The only hope of defeating the forces of Orange reaction was to split away the Protestant workers and small farmers from the control of the landlords and capitalists. This could only be done on a class basis. In fact, under the leadership of Connolly and Larkin, the organized working class posed a serious threat to the Orange Establishment in the period of stormy class struggles before 1914.

The Orange movement has never been homogeneous. Within it there is a sharp class division that reappears at every decisive turn and threatens to produce a split along class lines. In the period of the reawakening of the working class movement in the 1900s, pressure from the working class led to an open split in the Orange Order, as Emett Larkin explains:

"The result of this discontent was the formation of the ultra-militant Belfast Association by Arthur Trew and TH Sloan. The Grand Orange Lodge watched the BPA with the suspicious and waiting eye that all orthodoxies fixes on its rigorists, but it had to tread carefully because the rank and file of the Order vigorously backed Trew and his Association. There was also an indication of a split along class lines, as the ‘majority of the Grand Lodge were well-to-do merchants, Justices of the Peace, and clergymen having little to do with Trew and his supporters who were chiefly working men." (Emmett Larkin, op cit., p. 282, our emphasis.)

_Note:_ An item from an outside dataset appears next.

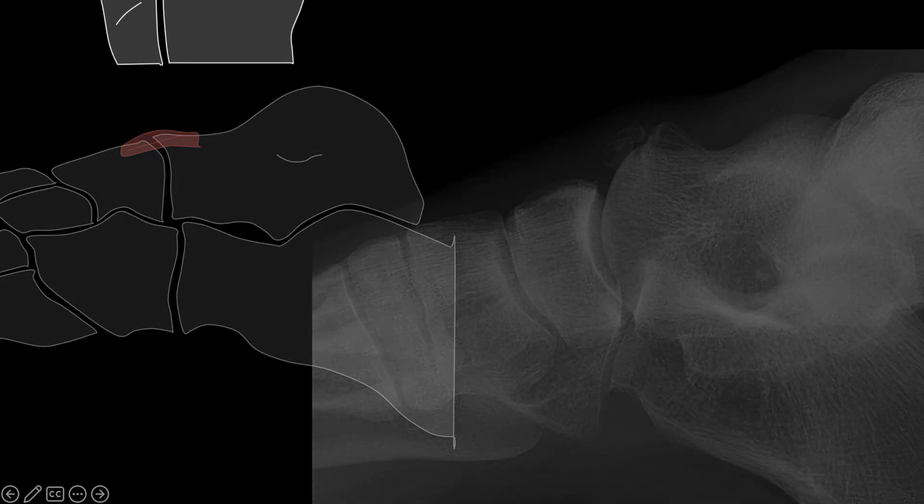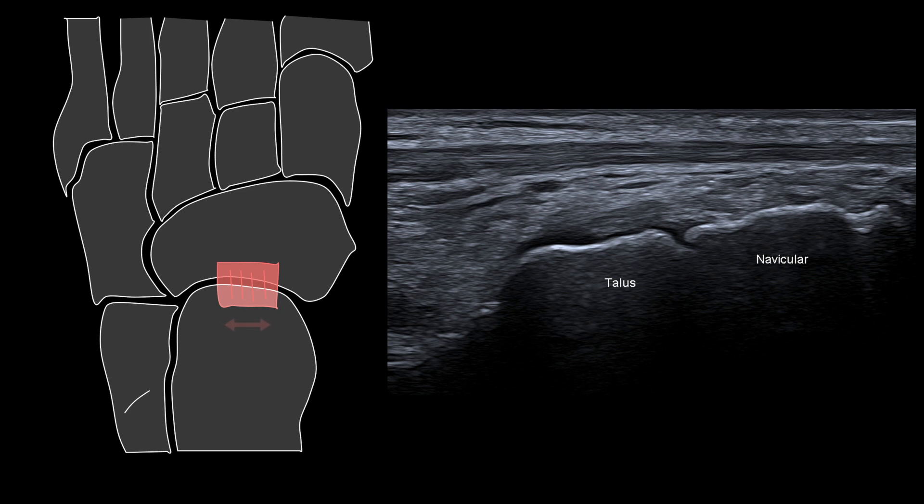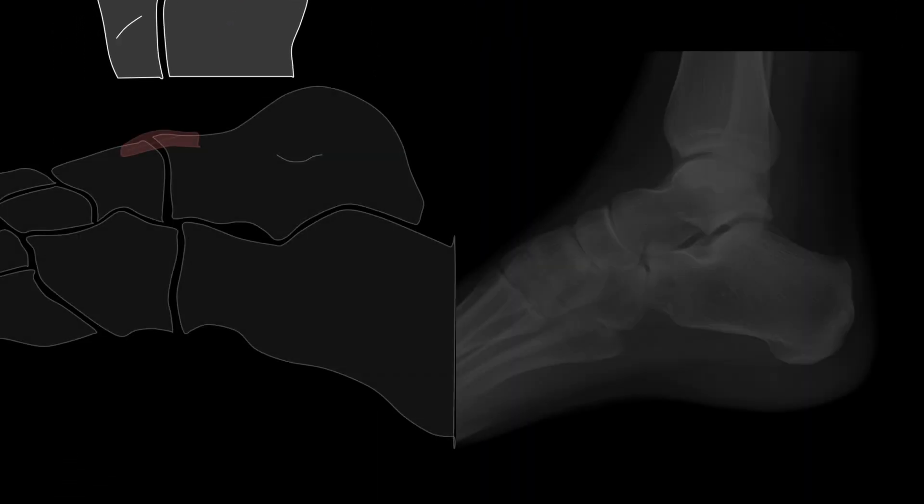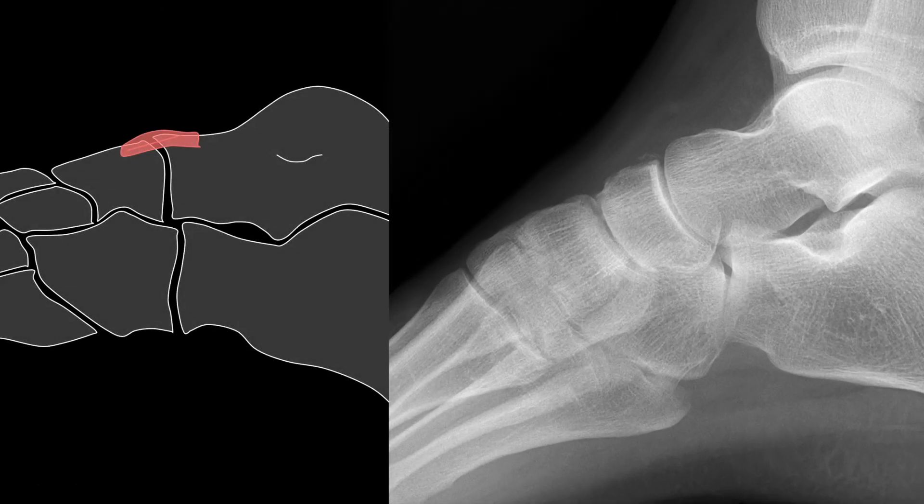The next pitfall to be aware of is the width of the talonavicular ligament. Here we can see the medial aspect of the ligament — it appears normal and intact — but at the lateral margin we are seeing a navicular avulsion fracture, which is confirmed on the subsequent x-ray images.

The Independent Orange Order

Trew was an extreme Protestant bigot who was eventually jailed for inciting violence against Catholics. But the man who replaced him, T.H. Sloan was another matter. A shipyard cement worker, Sloan contested the seat of South Belfast in 1902 as the "Democratic candidate" and defeated his Tory opponent, a wealthy landowner from County Down by 800 votes in a total poll of nearly 6,000. As a result the Grand Lodge suspended him. Several Belfast Lodges protested against this and were themselves suspended. In an act of defiance they united with other dissident Lodges to form the Independent Orange Order.

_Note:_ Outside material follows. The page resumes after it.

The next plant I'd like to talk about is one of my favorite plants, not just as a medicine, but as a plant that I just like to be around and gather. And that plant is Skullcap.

The evolution of the Independent Orange Order must be one of the strangest of history's many peculiar transformations. Under the guidance of R. Lindsay Crawford, a Dublin Orangeman and editor of The Irish Protestant, the Independent Orange Order broke from the old Protestant bigotry of Trew and advocated a more tolerant line on religion and even on the national question. In July 1905 the Order issued a manifesto "To all Irishmen Whose Country Stands First in their Affections" in which we read:

"The victory of our forefathers at the Boyne was not a victory over creed or over race, but a victory for human liberty, the fruits of which our Roman Catholic countrymen share no less than ourselves…As Irishmen, we do not seek to asperse the memory of the hallowed dead whose fortunes were linked with those of the ill-starred hose of Stuart, and whose courage and daring were proved in many a hard-fought field. We stand once more on the banks of the Boyne, and not as victors in the fight, not to applaud the noble deeds of our ancestors, but to bridge the gulf that has so long divided Ireland into hostile camps, and to hold out the right hand of friendship to those who, whilst worshipping at other shrines, are yet our fellow-countrymen - bone of our bone and flesh of our flesh. We come to help in the Christian task of binding up the bleeding wounds of our country, and to co-operate with all who place Ireland first in their affections…

"In an Ireland in which Protestant and Roman Catholic stand sullen and discontented, it is not too much to hope that both will reconsider their positions and, in their common trials, unite on a true basis of nationality. The higher claims of our distracted country have too long been neglected in the strife of party and of creed. The man who cannot rise above the trammels of party and of sect on a national issue is a foe to nationality and to human freedom." (Quoted in Emmett Larkin, op. cit., p. 236.)